The see also had suffragan bishops; the first of whom there is any mention was Ubricus, suffragan of John, Prince of Opole (1402-21). Kreslaus of Kurozwenk obtained an edict in virtue of which the abbots of the Cistercian Monastery of Koronow had the dignity of suffragan bishops of their dioceses; but the decree was not obeyed. Mathias Drjewicki had the canon Alexander of Miszin consecrated as his suffragan bishop in 1515, with the title of Bishop of Margarita. Bishop Karnowski endeavored, by means of a capitular constitution, to obtain that the suffragan bishops of his diocese should be elected from among the prelates and canons of Wloclawek. Bishop Ostrowski obtained from the Holy See a new suffragan bishop for Pomerania, but this suffragan see had only three incumbents: Cyprian Wolicki, Mathias Garnysz, and Ludovicus Gorski.

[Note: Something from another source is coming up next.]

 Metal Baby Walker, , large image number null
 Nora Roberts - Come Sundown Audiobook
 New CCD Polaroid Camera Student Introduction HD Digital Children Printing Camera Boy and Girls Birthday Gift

The religious orders were widely diffused in the Diocese of Wloclawek. In 1173 there arose in Pomerania the famous Cistercian monastery of Oliwa, and in 1251 the no less famous Abbey of Peplin. The Dominicans had monasteries at Dirschau and Brest; the Carmelites at Zakrzew, Marcowice, and Bydgoszcz; the Franciscans at Inowroclaw and Nieszawa. Other orders flourished in the various cities and villages of the diocese—Paulines (Reformed), Fatebenefratelli (or Order of St. John of God), Jesuits, Piarists, Lazarists. Among the communities of women the most ancient are those of the Premonstratensian Nuns of Zukow, founded in 1210, and the Benedictine Nuns of Zarnowiec, founded in 1213. The convents are now nearly all extinct; the diocese, however, possesses the historic convent of Czenstochowa founded in 1382 and occupied by a community of Paulines, or Hermits of St. Paul. In this convent is a highly venerated icon of the Blessed Virgin, visited every year by hundreds of thousands of pilgrims. Czenstochowa is the national sanctuary of Poland. The Franciscans still possess monasteries at Kolo, founded in 1456, and at Wloclawek, founded in 1524; the Franciscan Sisters have a monastery at Wielun founded in 1682; the Dominican Sisters, one at Przyrow, founded in 1626. The Sisters of Charity were established at Czenstochowa, Kalisz, Konin, Piotrkow, Sieradz, Wielun, Turek, and Wloclawek. According to official statistics, the number of regulars in the diocese is 37; the number of religious women, 24, besides 55 Sisters of Charity. The present cathedral of Wloclawek was begun in 1340 and completed in 1411. It was extremely wealthy and at the end of the sixteenth century there were 100 clergy attached to it. The Divine offices were celebrated in it uninterruptedly, day and night. The cathedral chapter included eight prelates. At the beginning of the sixteenth century it was established that no one who did not possess a title of nobility could become a canon. Pius IX, in 1862, granted the canons of this cathedral the right to wear the violet mozzetta. The chapter now consists of four prelates and eight canons. At Kalisz there is also an ancient collegiate church to which three prelates and four canons are now attached. The diocese is divided into three general consistories: at Wloclawek, Kalisz, and Piotrkow.
The number of secular priests is 538. The diocesan seminary, founded in 1568 by Bishop Karnkowski, is in a very flourishing condition. The education of the seminarists was in 1719 entrusted to the Lazarists, who continued in the charge until 1864. There are 102 seminarists. In 1910 the professors of the seminary began the publication of a splendid monthly review, “Ateneum kaplanski”, which, for solidity of learning and wealth of theological and religious contents, holds the first place in the Catholic Press of Poland. The ancient Diocese of Wloclawek had much to suffer from Hussitism, and afterwards from Lutheranism. The negligence of Bishops Zebrzydowski, Drohiowski, and Uchanski contributed to the diffusion of the latter heresy. Pomerania was almost entirely lost to Catholicism. Numerous synods were convoked in the Diocese of Wloclawek. Chodynski mentions the acts and decrees of forty-six synodi vladislavienses, of which he publishes a large number. The first of these synods was held in 1227 and the last in 1641.